=== REQUIREMENT ===
Leave out the pictures and print the rest of the entries exactly as they stand.

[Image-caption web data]
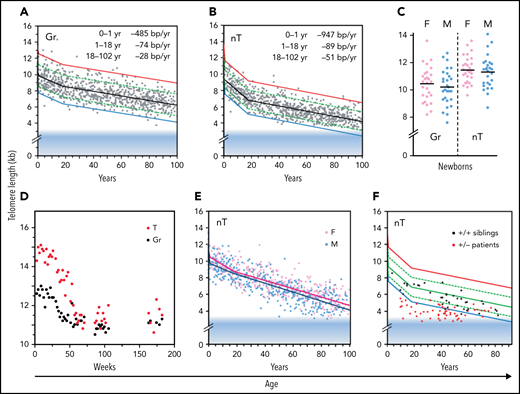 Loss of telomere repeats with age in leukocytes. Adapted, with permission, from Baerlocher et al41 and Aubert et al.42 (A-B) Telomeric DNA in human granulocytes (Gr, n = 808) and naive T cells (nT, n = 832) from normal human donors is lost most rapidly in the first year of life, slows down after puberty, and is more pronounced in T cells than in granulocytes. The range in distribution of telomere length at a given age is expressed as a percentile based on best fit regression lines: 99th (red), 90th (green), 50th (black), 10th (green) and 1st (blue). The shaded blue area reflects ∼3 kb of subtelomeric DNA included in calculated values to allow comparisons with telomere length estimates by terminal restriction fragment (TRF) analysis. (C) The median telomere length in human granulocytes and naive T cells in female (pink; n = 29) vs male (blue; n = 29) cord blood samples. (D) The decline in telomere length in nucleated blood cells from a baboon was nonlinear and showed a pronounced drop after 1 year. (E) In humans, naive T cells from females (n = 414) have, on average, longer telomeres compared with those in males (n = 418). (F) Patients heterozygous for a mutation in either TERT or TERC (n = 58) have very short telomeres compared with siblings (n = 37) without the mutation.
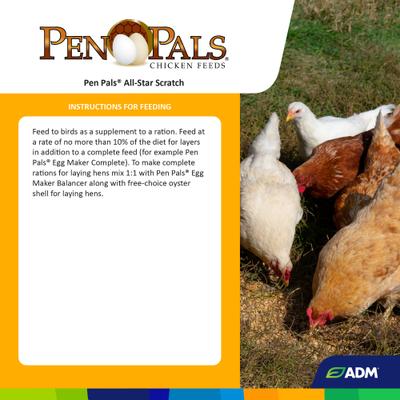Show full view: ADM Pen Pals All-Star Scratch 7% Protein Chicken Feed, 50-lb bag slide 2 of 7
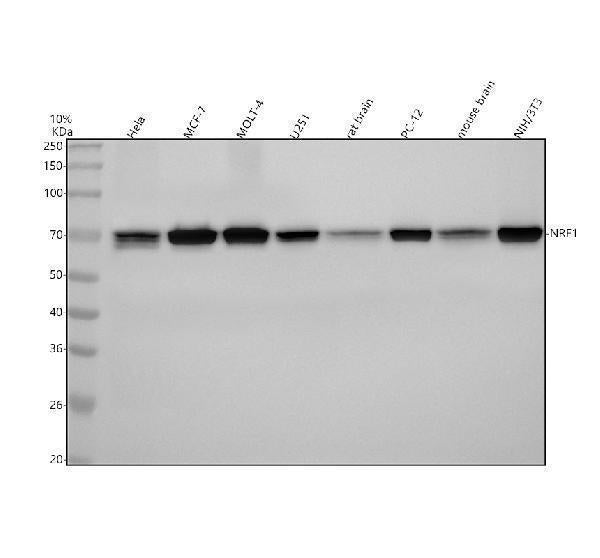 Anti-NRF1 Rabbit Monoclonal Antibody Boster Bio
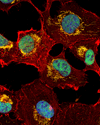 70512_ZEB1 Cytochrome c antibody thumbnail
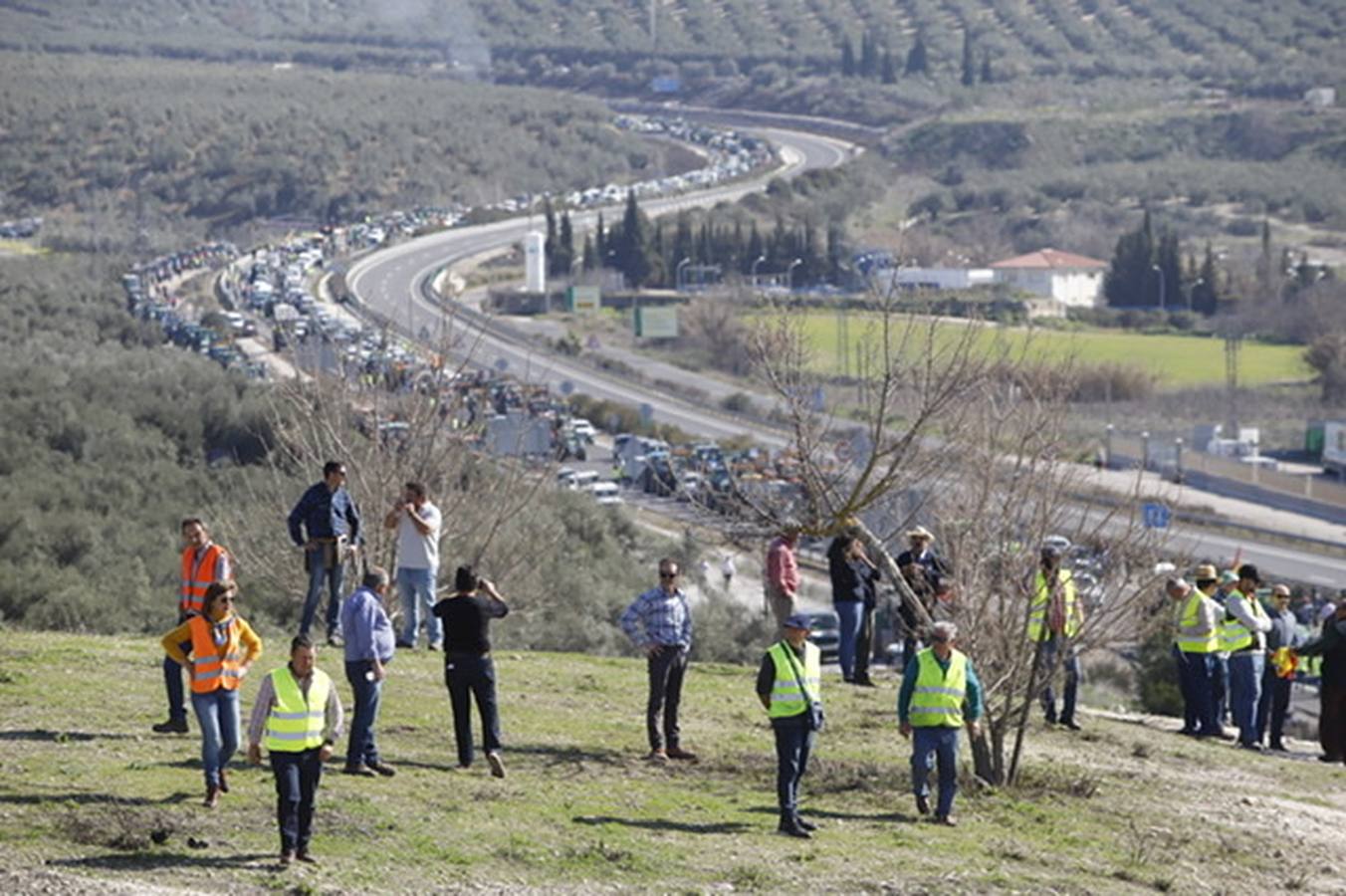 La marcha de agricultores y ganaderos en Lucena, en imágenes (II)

=== WRITTEN REPLY ===
 Loss of telomere repeats with age in leukocytes. Adapted, with permission, from Baerlocher et al41 and Aubert et al.42 (A-B) Telomeric DNA in human granulocytes (Gr, n = 808) and naive T cells (nT, n = 832) from normal human donors is lost most rapidly in the first year of life, slows down after puberty, and is more pronounced in T cells than in granulocytes. The range in distribution of telomere length at a given age is expressed as a percentile based on best fit regression lines: 99th (red), 90th (green), 50th (black), 10th (green) and 1st (blue). The shaded blue area reflects ∼3 kb of subtelomeric DNA included in calculated values to allow comparisons with telomere length estimates by terminal restriction fragment (TRF) analysis. (C) The median telomere length in human granulocytes and naive T cells in female (pink; n = 29) vs male (blue; n = 29) cord blood samples. (D) The decline in telomere length in nucleated blood cells from a baboon was nonlinear and showed a pronounced drop after 1 year. (E) In humans, naive T cells from females (n = 414) have, on average, longer telomeres compared with those in males (n = 418). (F) Patients heterozygous for a mutation in either TERT or TERC (n = 58) have very short telomeres compared with siblings (n = 37) without the mutation.
Show full view: ADM Pen Pals All-Star Scratch 7% Protein Chicken Feed, 50-lb bag slide 2 of 7
 Anti-NRF1 Rabbit Monoclonal Antibody Boster Bio
 70512_ZEB1 Cytochrome c antibody thumbnail
 La marcha de agricultores y ganaderos en Lucena, en imágenes (II)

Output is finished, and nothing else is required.